──────── THE DATA ────────

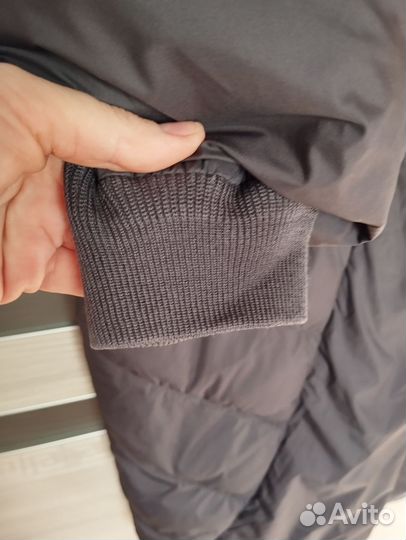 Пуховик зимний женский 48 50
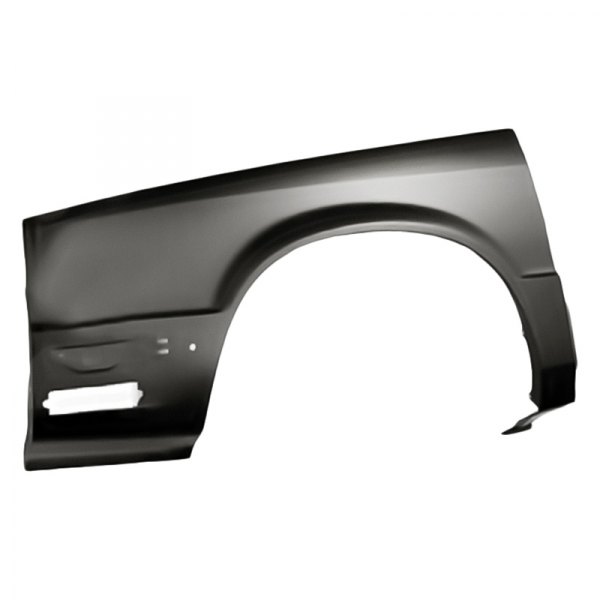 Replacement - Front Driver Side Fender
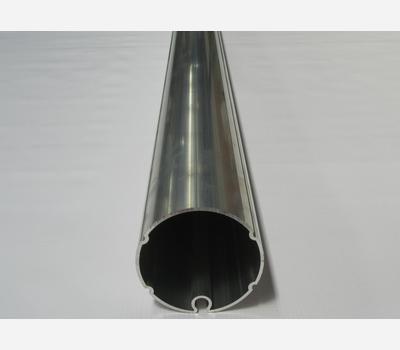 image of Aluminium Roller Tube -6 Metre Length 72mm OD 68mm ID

────────

ACTIVITY:
Every line from the line containing "Replacement - Front Driver Side Fender" through the last line above is to be printed exactly. Pictures are not copied.

SOLUTION FOR THIS EXERCISE:
 Replacement - Front Driver Side Fender
 image of Aluminium Roller Tube -6 Metre Length 72mm OD 68mm ID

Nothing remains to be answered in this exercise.